Reformbedarf erkennt auch Swiss Cycling. Am Freitagmittag reagierte der Radverband mit einer eigenen Mitteilung, in welcher er sich «über den Freispruch freut». Er stellt fest, dass die Verfahren im Kampf gegen Doping verhältnismässig und generell so ausgestaltet sein müssten, «dass die persönliche Integrität der Betroffenen jederzeit gewährt ist». Das sei in der Causa Flückiger nicht der Fall gewesen.
Von der eigenen Rolle mit der fatalen Kommunikation einer positiven Anabolika-Probe findet sich hingegen kein Wort in dem Communiqué. Es sei vielmehr als Aufruf zu verstehen, Prozesse und Verantwortlichkeiten im Anti-Doping-Kampf klar zu definieren, so Swiss Cycling. Zu diesem Zweck fordert es die Gründung eines Schweizer Sportgerichts.
Finanzieller Schaden soll beglichen werden
Für Flückiger kommt das wohl zu spät. «Das System hat in meinem Fall massiv versagt, und zwar mehrfach. Es muss sichergestellt werden, dass es nie mehr einen solchen Fall im Schweizer Sport gibt. Ich hoffe, dass Swiss Olympic die Weichen für eine lückenlose Aufarbeitung des Falles stellt», so der Weltcupsieger von 2021.

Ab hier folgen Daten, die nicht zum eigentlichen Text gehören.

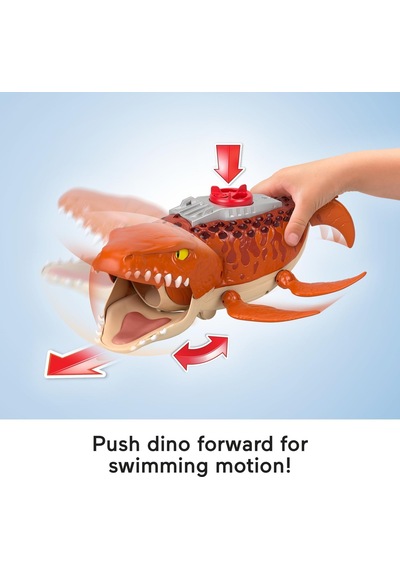 Fisher-price Imaginext Jurassic World Rebirth Dev Ağızlı Mosasaurus, 45,5 Cm'lik Dinozor Oyuncağı, 7,5 Cm'lik Aksiyon Figürü, Fırlatıcılı Tekne Ve 2 Cephane, Jfr23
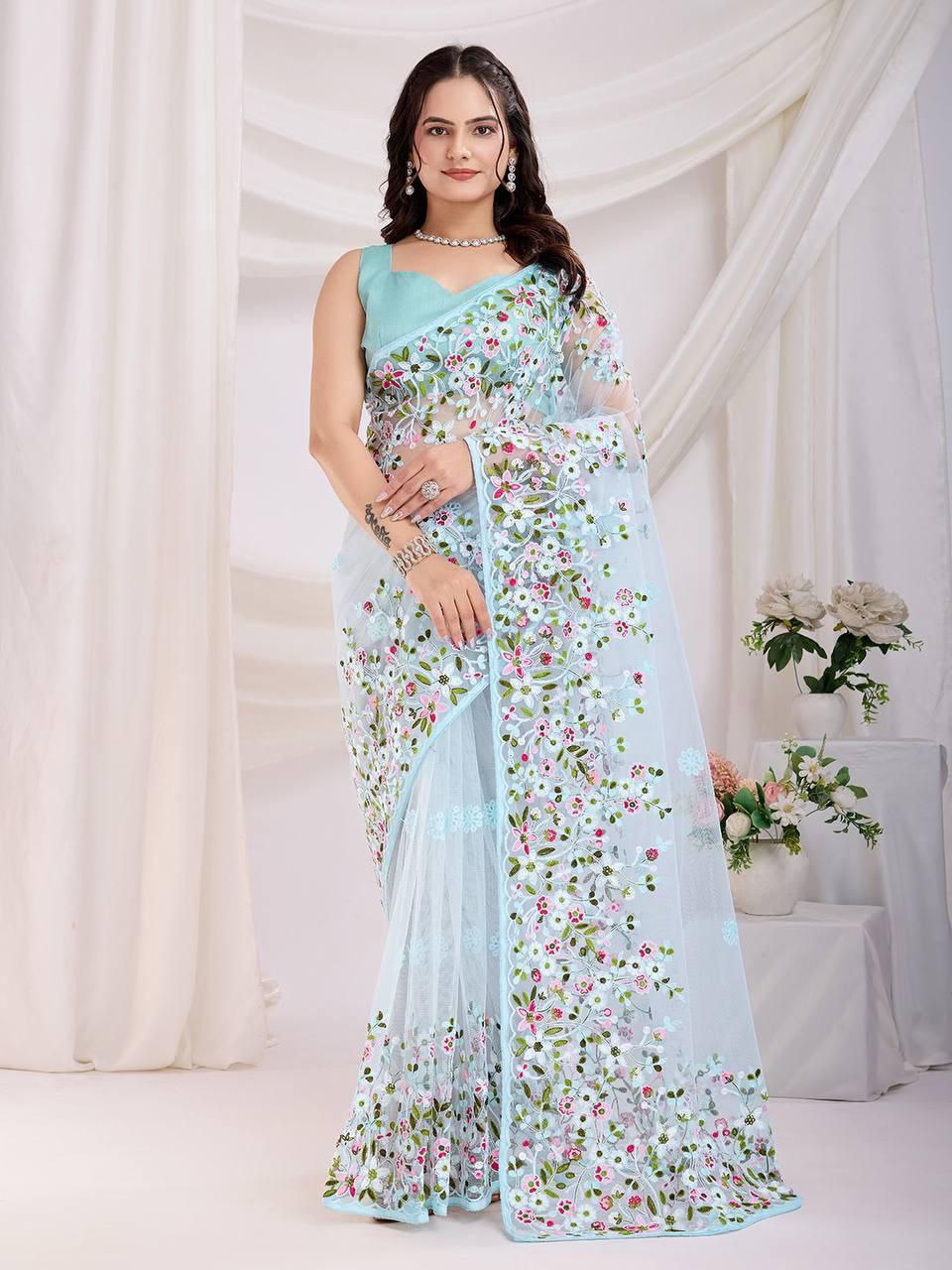 Chikankari Embroidery design Saree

Der Schaden für den Berner ist massiv, auch finanziell. Zwar wurde Swiss Sport Integrity zur Zahlung von 3000 Franken Verfahrenskosten und zu einer Entschädigung von 43’000 Franken für Flückiger verpflichtet. Dieser Betrag decke jedoch bei weitem nicht die effektiven Kosten, die Flückiger im Laufe der letzten zwei Jahre habe aufwenden müssen, geschweige denn die entgangenen Prämien und Sponsoringeinnahmen sowie die persönlichen Aufwendungen. Für Flückiger steht ausser Frage, «dass zumindest der effektiv erlittene finanzielle Schaden vollumfänglich ersetzt werden muss».
Der Kampf des Berners gegen die Doping-Anschuldigungen mag endlich gewonnen sein. Sein Kampf um Wiedergutmachung aber dürfte noch lange dauern.